|KABALUK, J. TODD|
Submitted to: Fruit, Vegetable, and Cereal Science and Biotechnology
Publication Type: Review Article
Publication Acceptance Date: 8/30/2008
Publication Date: 5/10/2009
Citation: Wraight, S.P., Lacey, L.A., Kabaluk, J., Goettel, M.S. 2009. Potential for microbial biological control of coleopteran and hemipteran pests of potato. Fruit, Vegetable, and Cereal Science and Biotechnology. 3(1):25-38.

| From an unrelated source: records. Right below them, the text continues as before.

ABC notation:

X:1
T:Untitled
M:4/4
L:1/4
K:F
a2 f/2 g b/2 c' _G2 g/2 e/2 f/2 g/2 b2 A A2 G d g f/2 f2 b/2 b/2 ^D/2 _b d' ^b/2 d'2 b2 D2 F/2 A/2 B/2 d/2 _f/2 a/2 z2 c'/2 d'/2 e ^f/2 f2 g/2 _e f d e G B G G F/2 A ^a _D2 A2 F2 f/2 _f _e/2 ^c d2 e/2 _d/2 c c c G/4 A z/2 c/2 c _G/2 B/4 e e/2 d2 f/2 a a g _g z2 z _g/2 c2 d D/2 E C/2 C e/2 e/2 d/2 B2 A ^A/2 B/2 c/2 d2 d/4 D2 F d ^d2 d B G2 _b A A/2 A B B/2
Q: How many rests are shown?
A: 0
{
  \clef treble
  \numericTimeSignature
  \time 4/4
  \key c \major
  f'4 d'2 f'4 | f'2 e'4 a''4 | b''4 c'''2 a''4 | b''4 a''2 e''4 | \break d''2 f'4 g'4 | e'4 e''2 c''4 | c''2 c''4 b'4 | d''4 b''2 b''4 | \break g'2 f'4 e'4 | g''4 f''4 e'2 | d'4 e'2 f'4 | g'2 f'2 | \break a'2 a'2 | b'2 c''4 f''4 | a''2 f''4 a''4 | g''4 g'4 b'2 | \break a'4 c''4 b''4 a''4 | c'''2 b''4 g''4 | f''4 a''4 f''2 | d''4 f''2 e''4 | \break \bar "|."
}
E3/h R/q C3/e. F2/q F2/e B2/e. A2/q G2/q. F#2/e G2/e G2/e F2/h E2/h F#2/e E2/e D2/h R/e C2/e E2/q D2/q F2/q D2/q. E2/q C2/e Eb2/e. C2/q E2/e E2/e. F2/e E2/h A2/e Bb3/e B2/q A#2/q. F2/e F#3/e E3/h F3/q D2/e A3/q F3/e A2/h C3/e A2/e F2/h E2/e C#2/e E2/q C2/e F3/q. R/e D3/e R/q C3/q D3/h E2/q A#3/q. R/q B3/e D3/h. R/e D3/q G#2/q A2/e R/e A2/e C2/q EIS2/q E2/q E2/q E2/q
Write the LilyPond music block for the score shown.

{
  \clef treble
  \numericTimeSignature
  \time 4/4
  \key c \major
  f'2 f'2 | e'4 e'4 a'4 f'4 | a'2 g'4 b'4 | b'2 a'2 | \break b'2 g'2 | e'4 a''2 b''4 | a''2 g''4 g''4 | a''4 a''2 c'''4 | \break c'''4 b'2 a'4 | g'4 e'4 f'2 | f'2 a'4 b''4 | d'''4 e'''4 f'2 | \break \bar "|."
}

Technical Abstract: Numerous insects in the orders Coleoptera and Hemiptera are major pests of potato, Solanum tuberosum, worldwide. Although these pests are currently managed almost exclusively with chemical insecticides, there is continuing demand for alternative controls that pose lower environmental and health risks. Biological control agents represent one such alternative, and in this review we assess the potential for use of various microbial biiological control agents for control of Colorado potato beetle, wireworms, aphids, leafhoppers, and psyllids. The Colorado potato beetle (CPB)and wireworms feed by chewing plant tissues and pass substantial portions of their life cycles both above and below ground. Consequently, they can be targeted with a broad range of microbial control agents, including bacteria, fungi, and nematodes. Aphids, leafhoppers, and Psyllids, on the other hand, feed by piercing plants and sucking sap, and most species pass their lives entirely above ground; these pests are susceptible only to fungal pathogens. Investigations to date indicate strong potential for microbial control of CPB, using integrated applications of Bacillus thuringiensis, Beauveria bassiana, and possibly rhabditid nematodes. Microbial control of wireworms and hemipteran pests is farther from realization. Important constraints, including difficulties in targeting soil-inhabiting pests with fungal pathogens, low efficacy or recycling potential of nematodes in some coleopteran hosts, limited epizootic potential of entomophthoralean fungi in early-season, low-density hemipteran pest populations, and problems with mass production and formulation of entomophthoralean fungi are discussed. Latest research efforts aimed at overcoming key constraints are identified.